Winslow Papers

About the Project

This site houses the electronic edition of the Winslow Family Papers, along with background information and links. The original Winslow manuscripts are located in the University of New Brunswick Archives and Special Collections. Consisting of over 3,600 items and 11,000 pages, the Papers cover the period from 1695 to 1866.

Ann Gorman Condon, a Loyalist scholar, to whom this site is dedicated, stated that "The Winslow Papers are the single most important collection of personal papers documenting the Loyalist experience in the American Revolution and the subsequent establishment of English Canada." She noted that the manuscripts can be appreciated at three different levels. First, they are "a gold mine" of information about the Loyalists from the outbreak of the Revolution to the establishment of New Brunswick. They document the attitudes of the Loyalists as refugees, "...a unique class of people whose uprooting and exposure to war gave them special sensitivities and fears." Not only do they offer a wide window on the attitudes of the elite Loyalists - their family relationships, their political and social values, their dreams and disappointments - but also on the experiences of the ordinary Loyalist refugees and the Aboriginal peoples, Acadians, New England Planters and British who had made New Brunswick their home before the Loyalists arrived. Second, the letters document the process whereby the Loyalists were able to create a stable, law-abiding society in a remarkably brief period of time. Finally, the letters are remarkable for their literary style. According to Ann Condon, they are "...breezy, dramatic, full of abbreviations, exaggerations and tall stories." They tell us much about the way that people communicated with each other over two hundred years ago.

Ann foresaw in 1998, early in the life of the Internet, the value of an electronic edition in reaching a wide audience that might never have the opportunity to see the original manuscripts in Archives and Special Collections.
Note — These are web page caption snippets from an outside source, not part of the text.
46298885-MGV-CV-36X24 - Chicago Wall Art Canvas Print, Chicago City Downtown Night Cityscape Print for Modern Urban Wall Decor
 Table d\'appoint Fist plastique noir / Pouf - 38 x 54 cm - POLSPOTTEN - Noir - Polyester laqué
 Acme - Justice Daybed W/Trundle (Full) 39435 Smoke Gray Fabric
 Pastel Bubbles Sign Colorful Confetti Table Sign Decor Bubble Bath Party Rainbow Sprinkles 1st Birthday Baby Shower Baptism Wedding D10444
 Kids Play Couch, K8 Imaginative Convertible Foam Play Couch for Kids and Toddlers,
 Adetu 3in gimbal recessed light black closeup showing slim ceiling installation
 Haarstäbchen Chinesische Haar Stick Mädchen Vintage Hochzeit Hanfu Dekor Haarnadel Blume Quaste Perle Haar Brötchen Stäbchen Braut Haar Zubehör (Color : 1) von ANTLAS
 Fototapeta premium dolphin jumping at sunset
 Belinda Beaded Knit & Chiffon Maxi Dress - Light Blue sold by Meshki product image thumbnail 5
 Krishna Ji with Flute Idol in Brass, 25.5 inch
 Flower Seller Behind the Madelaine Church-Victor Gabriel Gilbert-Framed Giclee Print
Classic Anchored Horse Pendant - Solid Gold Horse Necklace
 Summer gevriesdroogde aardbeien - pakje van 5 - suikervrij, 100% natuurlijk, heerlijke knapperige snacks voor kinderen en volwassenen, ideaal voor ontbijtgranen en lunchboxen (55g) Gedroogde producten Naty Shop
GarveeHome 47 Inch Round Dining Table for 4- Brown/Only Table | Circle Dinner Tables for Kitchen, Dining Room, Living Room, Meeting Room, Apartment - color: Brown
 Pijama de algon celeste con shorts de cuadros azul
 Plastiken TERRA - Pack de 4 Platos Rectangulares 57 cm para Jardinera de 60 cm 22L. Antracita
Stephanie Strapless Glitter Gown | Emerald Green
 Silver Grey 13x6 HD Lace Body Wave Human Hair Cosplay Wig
She also anticipated that an electronic edition of the papers had the potential to serve as a model to bring together Loyalist history across the many institutions housing Loyalist papers and artifacts, thus, allowing the Loyalist experience to be studied as an integrated collection.

We are pleased to dedicate this site to the memory of Ann Gorman Condon who was a promoter of and friend to Archives and Special Collections and to the Electronic Text Centre and Loyalist scholar of long-standing.